The Internet Advertising Bureau is trying to play down the latest rise in the adoption of ad-blocking software, despite new figures showing nearly one-five consumers have now downloaded it.
The Ad Blocking Report, conducted online by YouGov, shows that 18% of people now use the software – up from 15% in June – although if this increases at its current rate it will reach 25% – a quarter of the population by next year.
Ad blocking is more prevalent among men surveyed (23%) than women (13%) and the propensity to block ads decreases with age – from 35% of 18-24 year olds to 13% of people 55+.
However, less than six in 10 (57%) people who have ever downloaded the software said their main motivation was to block all ads; 20% said the main reason was to block certain types of ads or ads from certain websites.
The most common reason people would be less likely to block ads is if they did not interfere with what they were doing (cited by 48%) followed by having fewer ads on a page (36%). One in seven (14%) would be less likely to block ads if they were more relevant.
A bullish Guy Phillipson – chief executive of IAB UK – said the “small rise is not unexpected considering the publicity it’s been receiving”.
He maintains it does provide some perspective on the situation for those referring to an “adblockalypse”.

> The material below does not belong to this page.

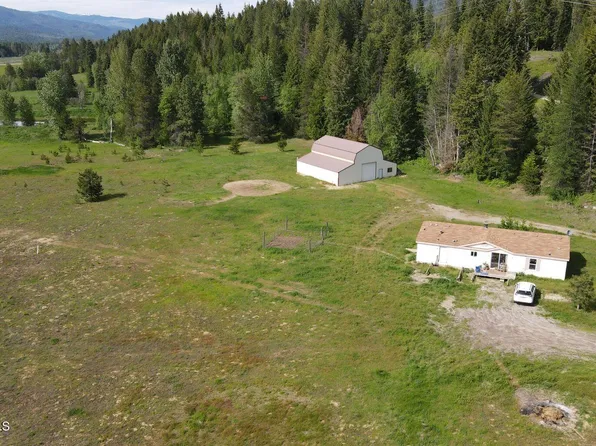 774 Old Kootenai Trl, Sandpoint, ID 83864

Phillipson added: “More importantly, it also provides a clear message to the industry – a less invasive, lighter ad experience is absolutely vital to address the main cause of ad blocking. That’s why we’re developing the L.E.A.N advertising principles for the online advertising supply chain.”

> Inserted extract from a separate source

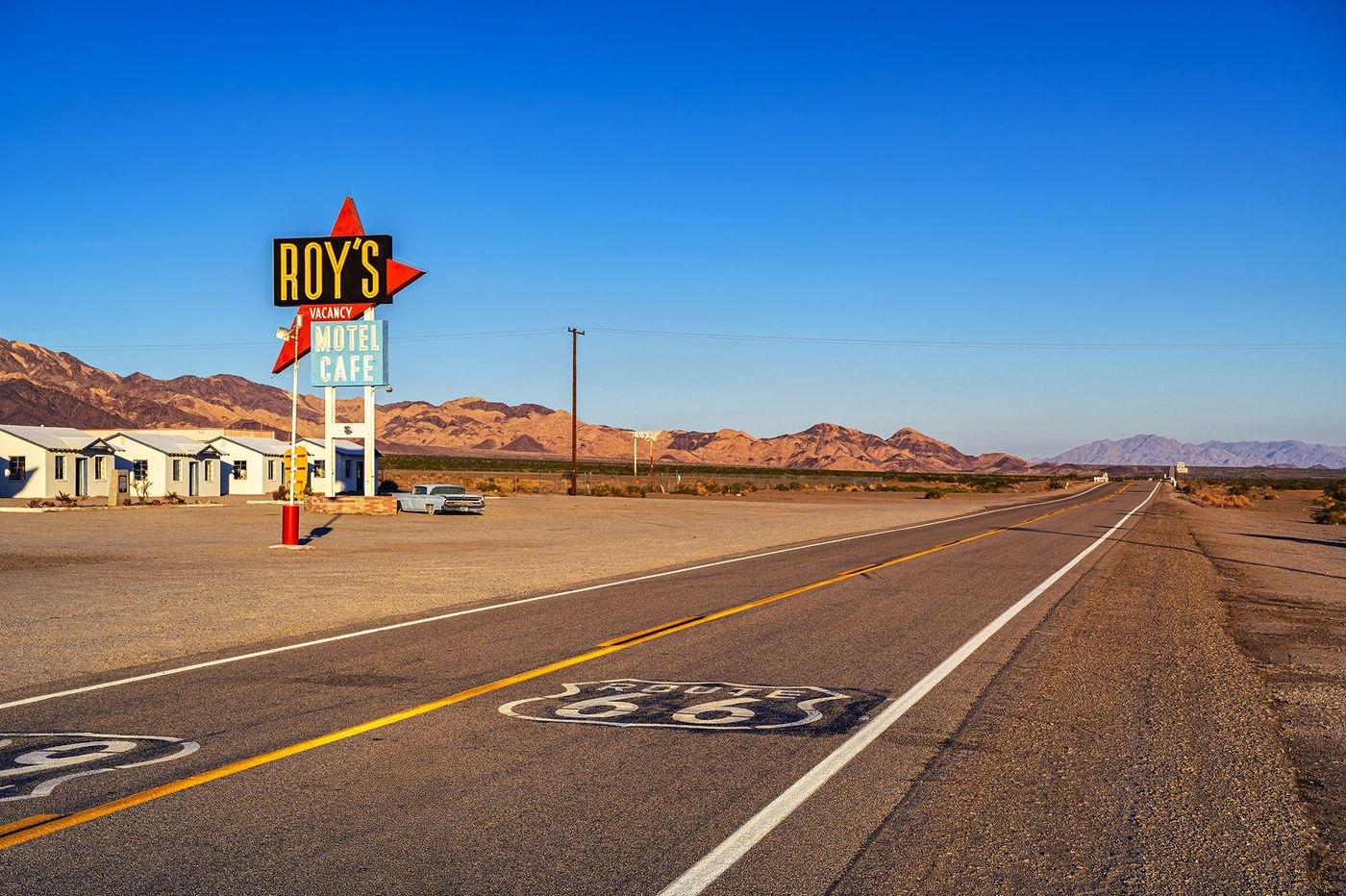 Route 66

When told that ad blocking means some websites will have to stop providing free content or charge people to use them, 61% of British adults online said they would prefer to access content for free and see ads than pay to access content.
Phillipson explained: “The other key tactic to reduce ad blocking is making consumers more aware of the consequences – what we call the “value exchange.” If more people realise content is only free because ads pay for it, then fewer people will be inclined to block ads. Only 4% are willing to face the other option – paying for content with no ads.”
Among those currently using ad blocking software, 71% are doing so on laptops, 47% on desktop PCs. Just under a quarter (23%) are blocking ads on mobiles, less than one in five (19%) on tablets.
The study has to be put in the context of a separate report, carried out by Instantly, which showed over half (55%) of UK consumers find mobile ads annoying and disruptive and choose to skip or ignore them yet only 47% have actually heard about the technology.